El huésped de Williams Burro sale poco y sólo con el fin de alimentarse. No conoce bicho más antisocial ni cazador más solitario. Sale cuando no hay extraños, detesta a los invitados u otra voz que no sea la de él. Pasa el día al acecho o generando reacciones rápidas, y la noche trabajando a cielo abierto. Come y descarta durante el día; teje, come y descarta durante la noche. Saca la basura entre las 10 pm y las 4 am rigurosamente. Mantiene la red en condiciones de higiene ejemplares, a excepción del patio trasero. El cementerio de los insectos está lleno de cadavercitos.
En invierno sale únicamente cuando enciende la estufa. No sabe si se sofoca a raíz del calor que va subiendo lentamente desde el tiro balanceado por detrás del bastidor, o el invierno raciona el aprovisionamiento de insectos, primero tornando infructuosas las incursiones nocturnas en busca de alimento y después adormeciendo los impulsos diurnos hasta entrada la primavera.
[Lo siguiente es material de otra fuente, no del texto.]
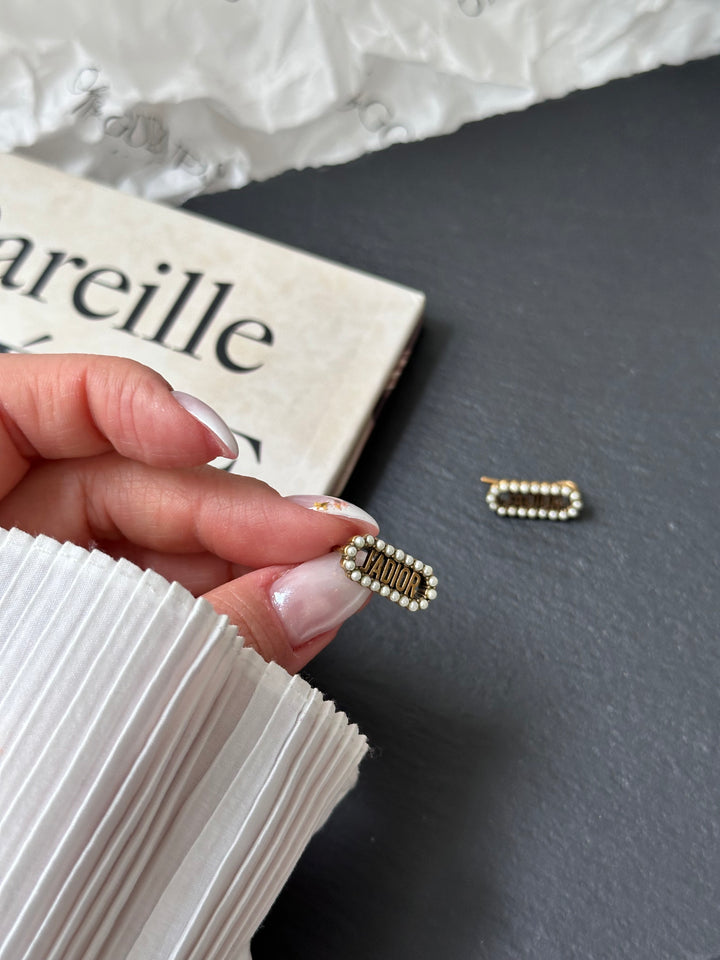 DIOR J'ADIOR Pearl Stud Earrings – Gold Logo × Vintage Vibes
Su mayor proeza fue hacia finales del verano cuando atrapó una langosta que lo duplicaba en tamaño; pasó 28 horas trabajando sobre el cadáver como un taxidermista. Cuando concluyó, la arrojó al vacío. Williams Burro escuché el impacto pedregoso del cuerpo desecado de la langosta contra el parquet y alzó la mirada con un latigazo cervical. La había arrastrado hacia los lindes de la telaraña y sin más dilaciones, tirado a la basura. Después engordó exageradamente y estuvo una semana sin salir de la cueva.

Williasm Burro mira a Ernesto. Le sorprende su longevidad. Piensa en la tenacidad de un espíritu imperturbable, en su vida que pende de un hilo. Le dice: Todo es lo que parece poco, Ernesto. De esa abstracción salta a otra y después a otra y en algún momento se da cuenta que no tiene, ni tuvo, ni va a tener alma. Esa cosa medio inmunda que trajeron flotando en barco de España con la firme convicción de asistir a los indios, de engrandecer la comunidad católica de habla castellana; una camiseta que no se pone, ni se puso, ni se va a poner. Entonces sí, le queda bien el nombre Ernesto.